● Prompt
Transcribe all the entries word for word, skipping the pictures.

● Brief descriptive captions
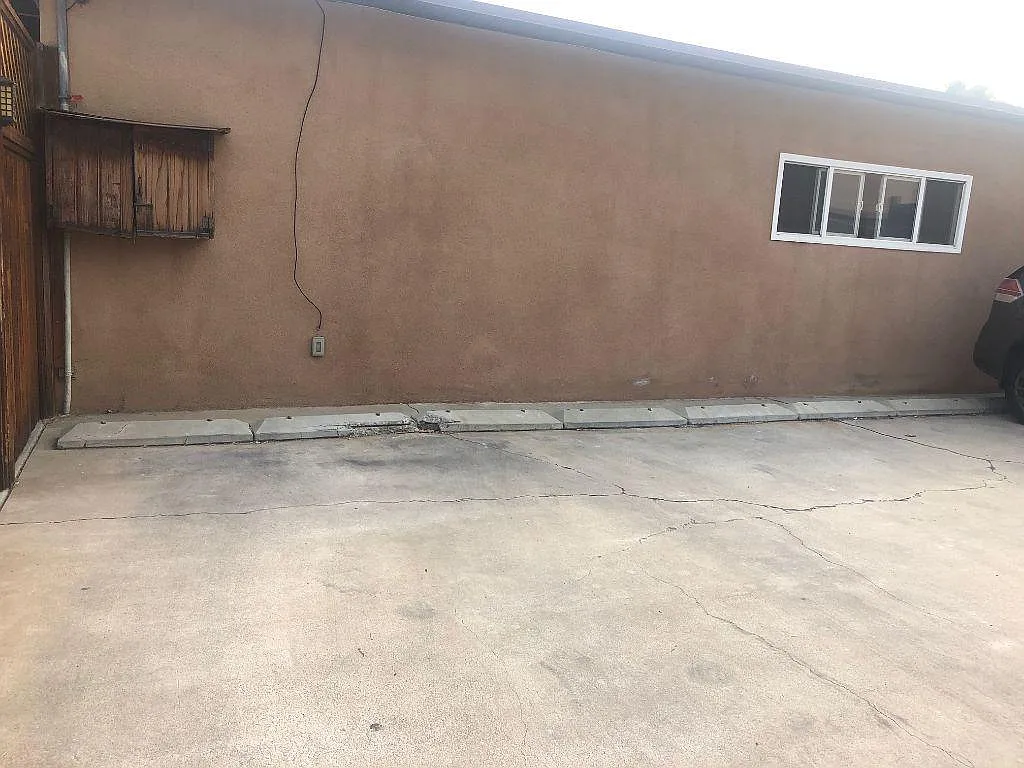 2 dedicated parking spaces off alley - 4777 Bermuda Ave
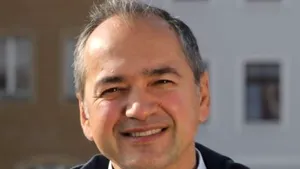 Românul Octavian Ursu a fost ales primar general al oraşului Görlitz din Germania. L-a învins pe candidatul extremei drepte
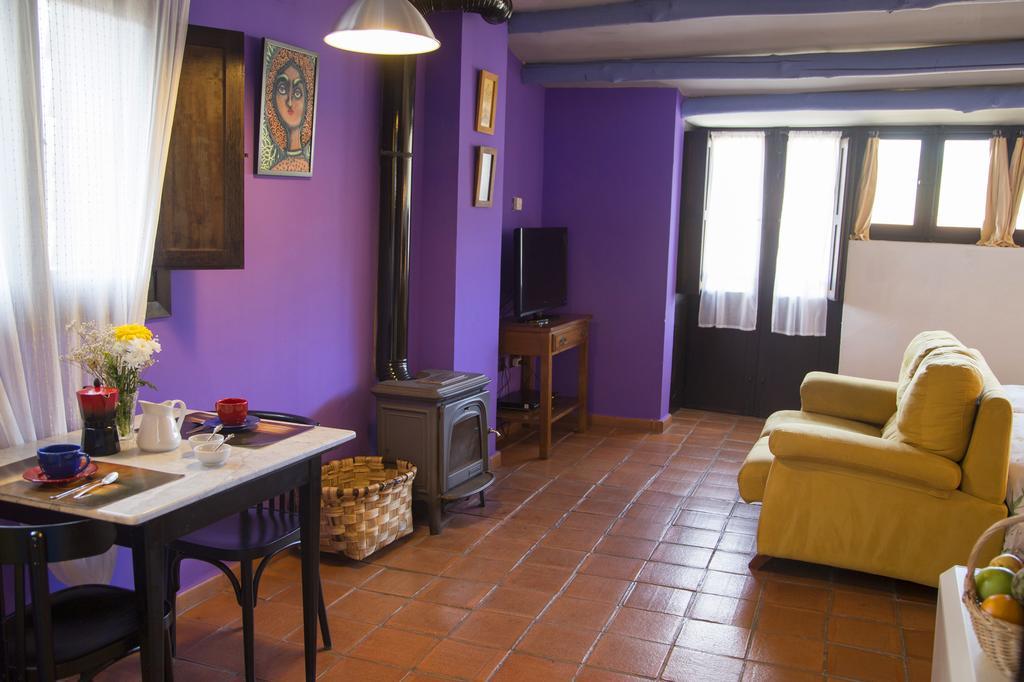 Apartamentos La Iguana Hervás Exterior photo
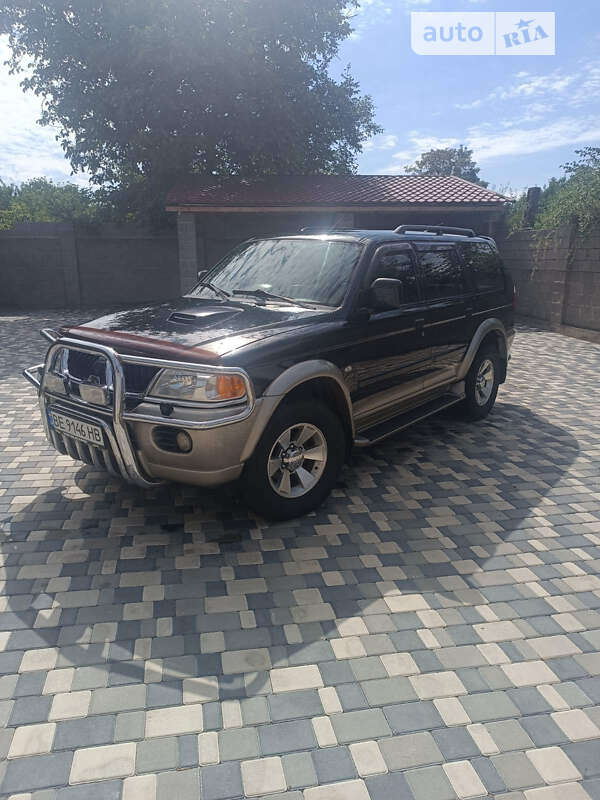 2005 mitsubishi pajero sport
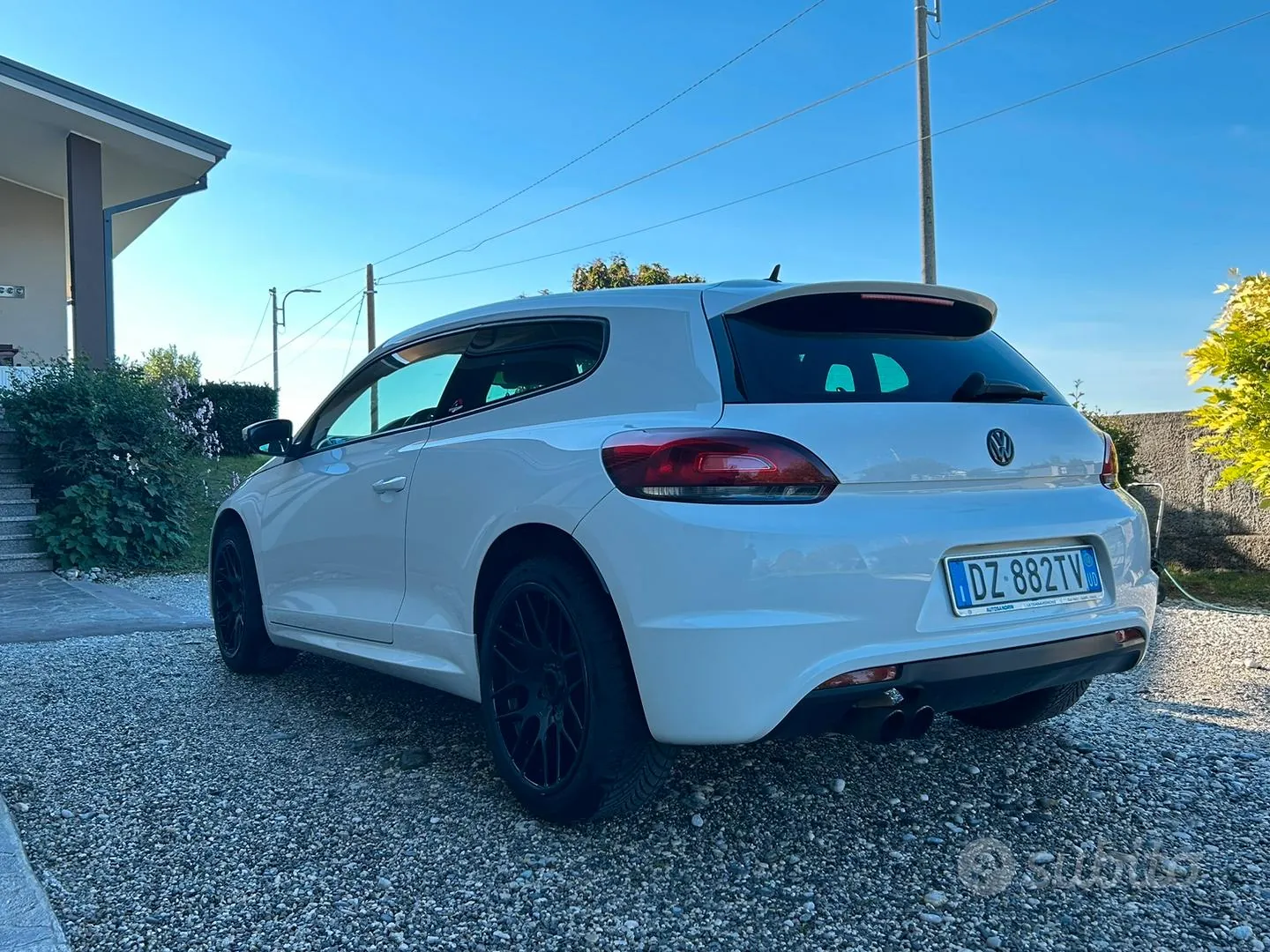 Volkswagen Scirocco 2010 photo 4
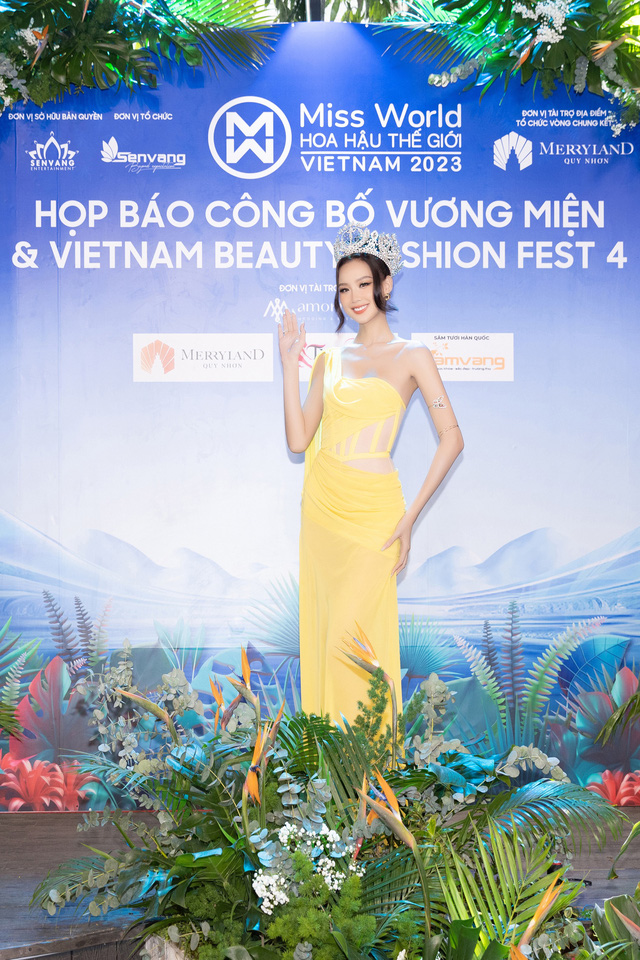 Hoa hậu Mai Phương khoe nhan sắc nữ thần  - Ảnh 2.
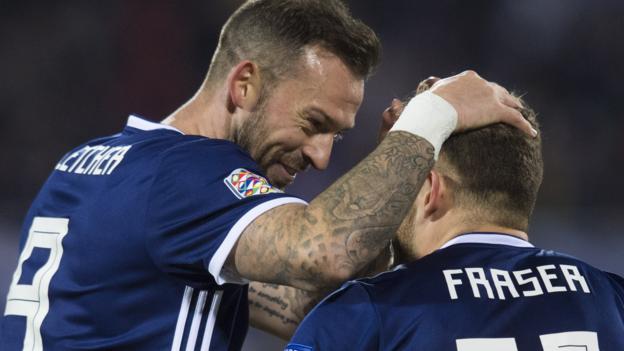 Steven Fletcher: Scotland striker absent as he 'manages injury' - McFadden - BBC Sport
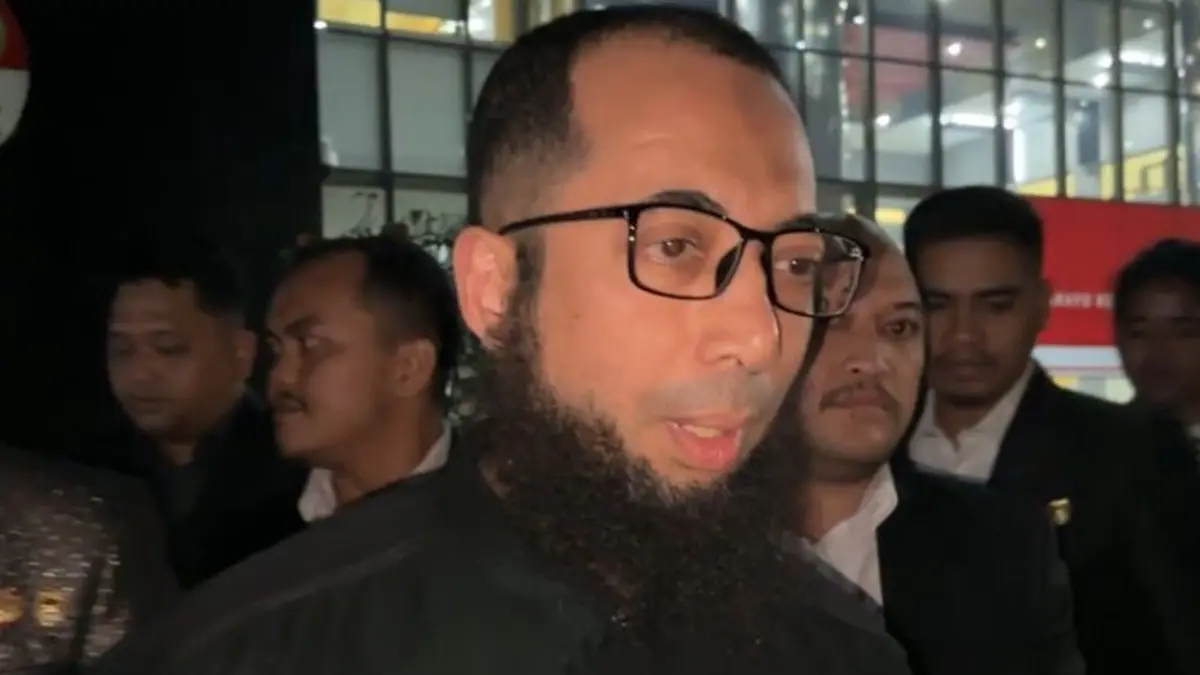 Pendakwah Ustaz Khalid Basalamah usai menjalani pemeriksaan KPK, terkait korupsi kuota haji 2024. (ANTARA)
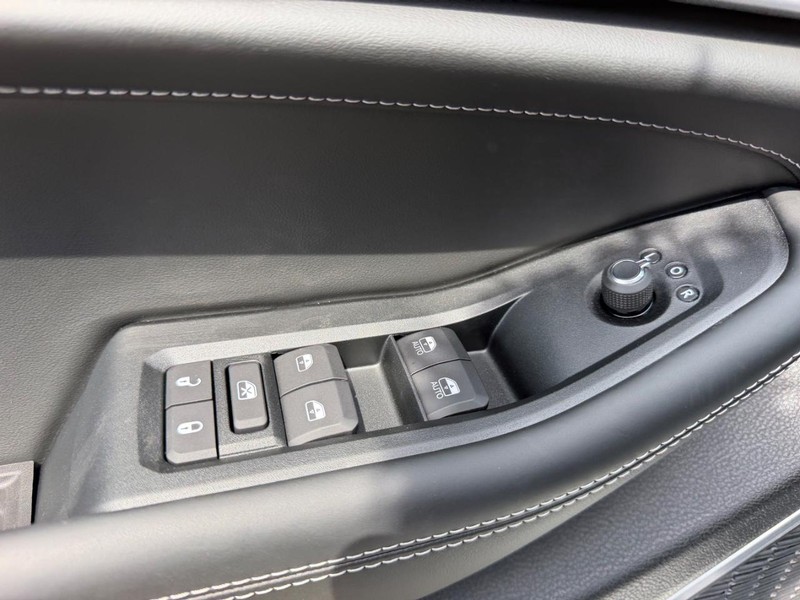Jeep Grand Cherokee L Vehicle Full-screen Gallery Image 21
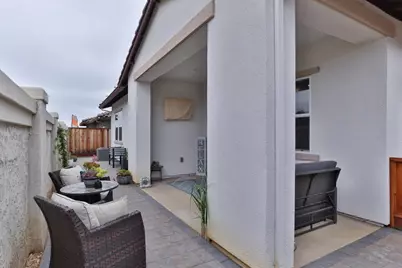 2102 White Oak Dr, Hollister, CA 95023 - Photo 35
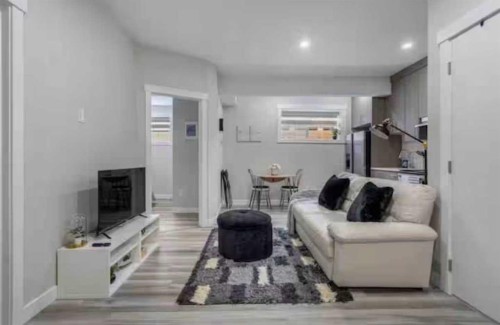 131 Sherview Grove Nw, Calgary, AB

● Exercise output
 2 dedicated parking spaces off alley - 4777 Bermuda Ave
 Românul Octavian Ursu a fost ales primar general al oraşului Görlitz din Germania. L-a învins pe candidatul extremei drepte
 Apartamentos La Iguana Hervás Exterior photo
 2005 mitsubishi pajero sport
 Volkswagen Scirocco 2010 photo 4
 Hoa hậu Mai Phương khoe nhan sắc nữ thần  - Ảnh 2.
 Steven Fletcher: Scotland striker absent as he 'manages injury' - McFadden - BBC Sport
 Pendakwah Ustaz Khalid Basalamah usai menjalani pemeriksaan KPK, terkait korupsi kuota haji 2024. (ANTARA)
Jeep Grand Cherokee L Vehicle Full-screen Gallery Image 21
 2102 White Oak Dr, Hollister, CA 95023 - Photo 35
 131 Sherview Grove Nw, Calgary, AB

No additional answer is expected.